You should see a very low resistance at first but as the capacitor
charges the resistance will increase eventually reaching infinity. Now
put the meter in a low voltage range and place it across the capacitor.
You should see some voltage. How much depends on the battery used by
the meter to measure resistance. This voltage should go down slowly as
the capacitor discharges.
Now let's change the resistance to 2 ohms and see what happens to the
time constant. Start by discharging the capacitor. Now flip the switch
to the charge position and freeze time when the voltage reaches 6.32
volts.



Same circuit with a 2 ohm resistor. Notice that it takes twice as long for the capacitor to reach 63.2%


This
is the same circuit as to the left.

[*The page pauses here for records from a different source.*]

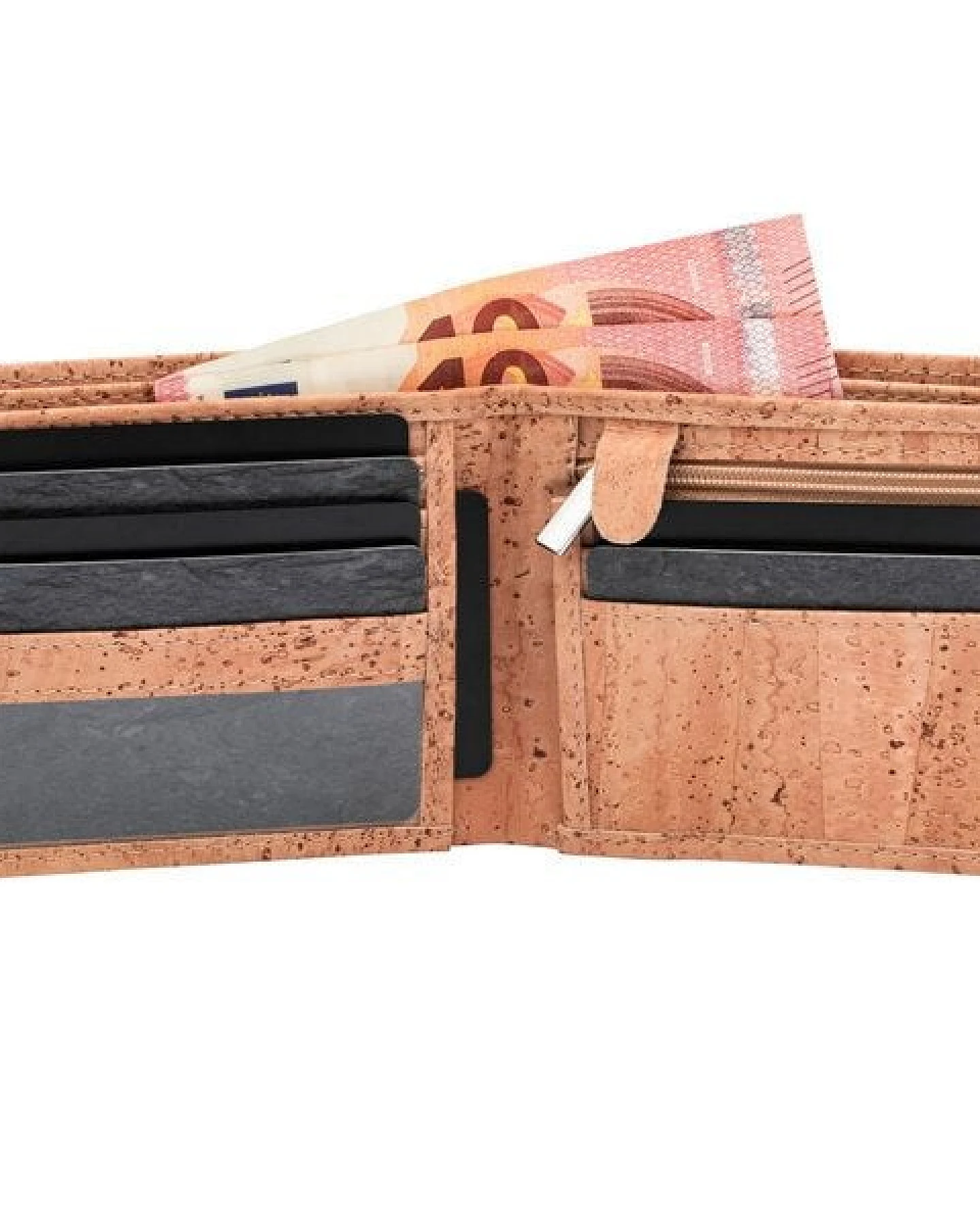 Simaru Cyrus – Korkbörse mit 8 Kartenfächern – Ansicht 4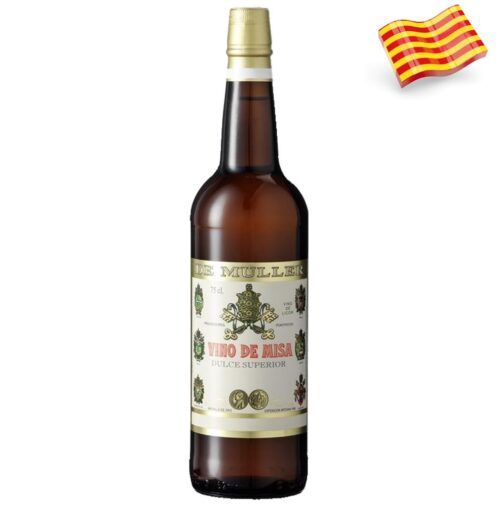 2790 - De Muller Sweet Wine of Mass Superior  15º - 75 Cl.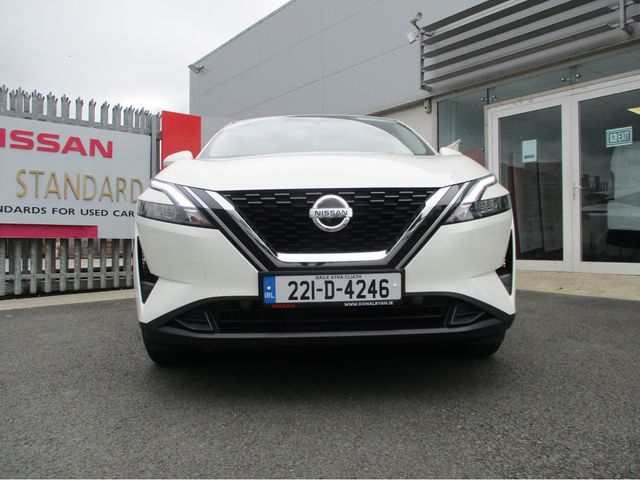 Image for 2022 Nissan Qashqai QQ 1.3 HYB SV CVT MY21 4DR AUTO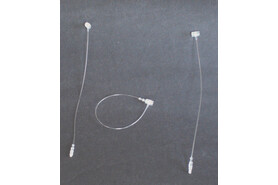 Sicherheitsfäden 125mm glatt, Art.-Nr. 06415 - Paterno B2B-Shop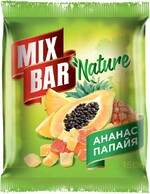 Цукаты Mixbar Ананас и папайя 150г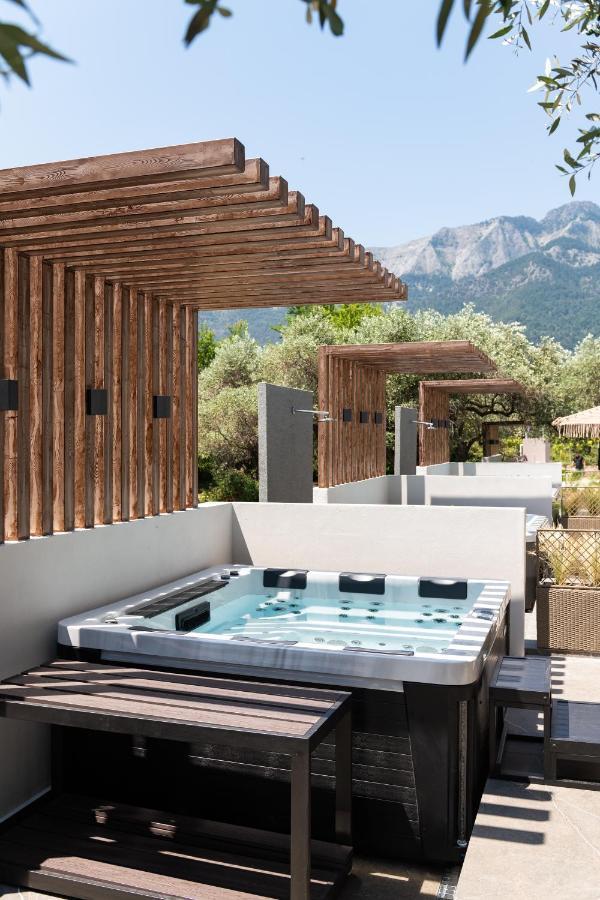 Valen Mare Suites Skala Potamia  Bagian luar foto
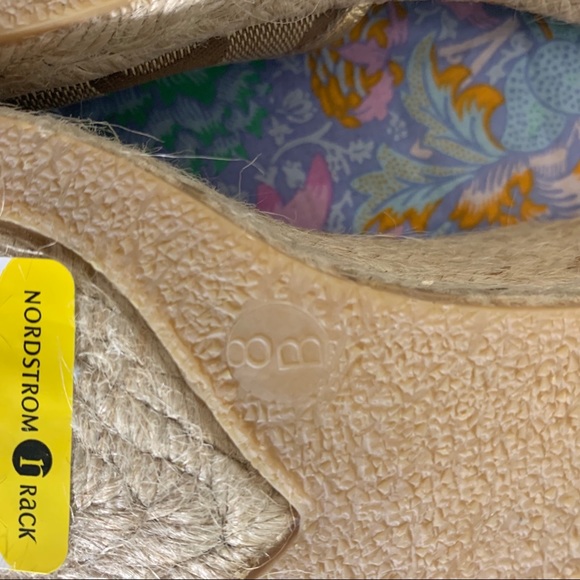 Coach NWT woven classic wedges - Picture 3 of 5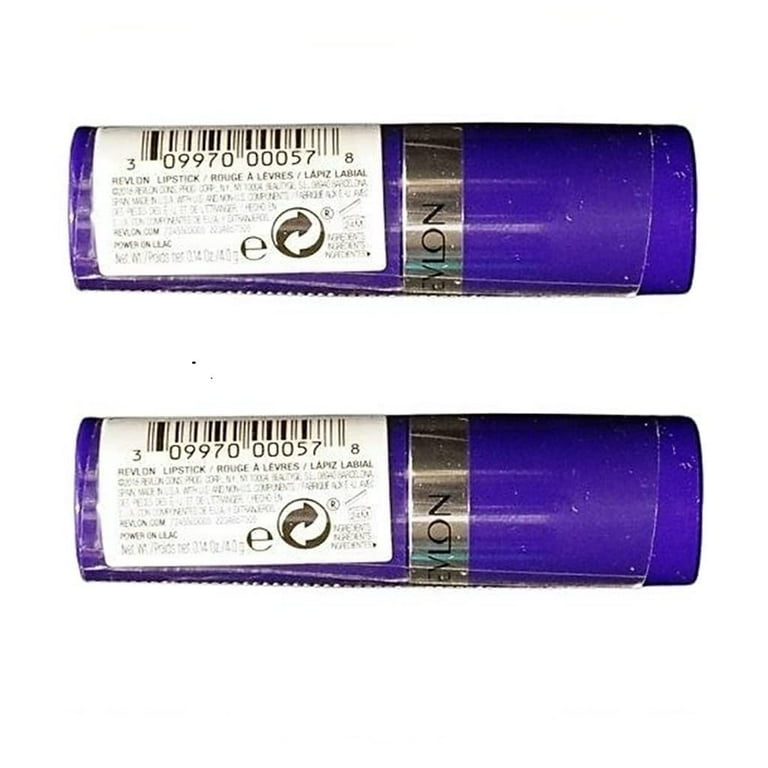 Revlon Electric Shock Lipstick, Cobalt Charged 108, Highly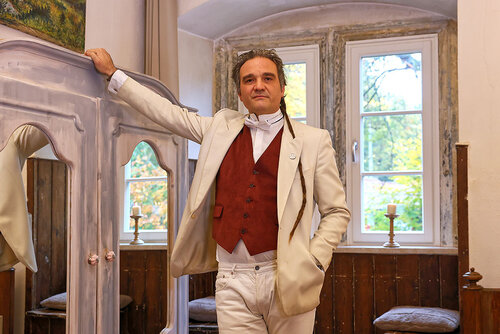 Schlossherr Florian Kirner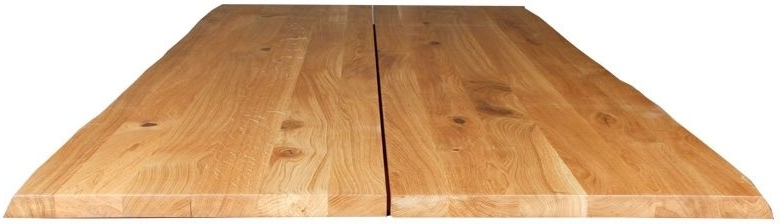 Plankebordsplade House Of Sander Curve Egetræ 95x240 Cm   Cm Tyk Natur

Here the horizontal scale has been
shrunk in half. Notice that the shape of the curves is identical to the
original 5second scale.

This time it took two seconds to reach 63.2% of the battery voltage.
What happened. It's like pinching the hose from the air compressor to
the air tank. The higher resistance caused it to take longer to fill
the tank. The higher resistance does the same thing to the circuit.
Twice the resistance leads to twice the time. Now put the 1 ohm
resistor back in the circuit and change the capacitor to a 2 farad
capacitor. We get exactly the same result. The time constant has
increased to 2 seconds. Using the original horizontal scale on the
graph the curve becomes stretched out. However, if we shrink the
horizontal scale proportionally the curve looks identical to the
original.
Let's change the scale so that it always shows 5 time constants, regardless of how long a time constant is.



Here we have 2 ohms and 1 farad. The time constant is 2 seconds.


Here
we have 2 ohms and 100,000 microfarads. The smaller capacitor charges
10 times as fast so the time constant is only 200 mS (0.2 seconds).
However, no matter how long a time constant is, the curves look
identical if the horizontal scale is in time constants.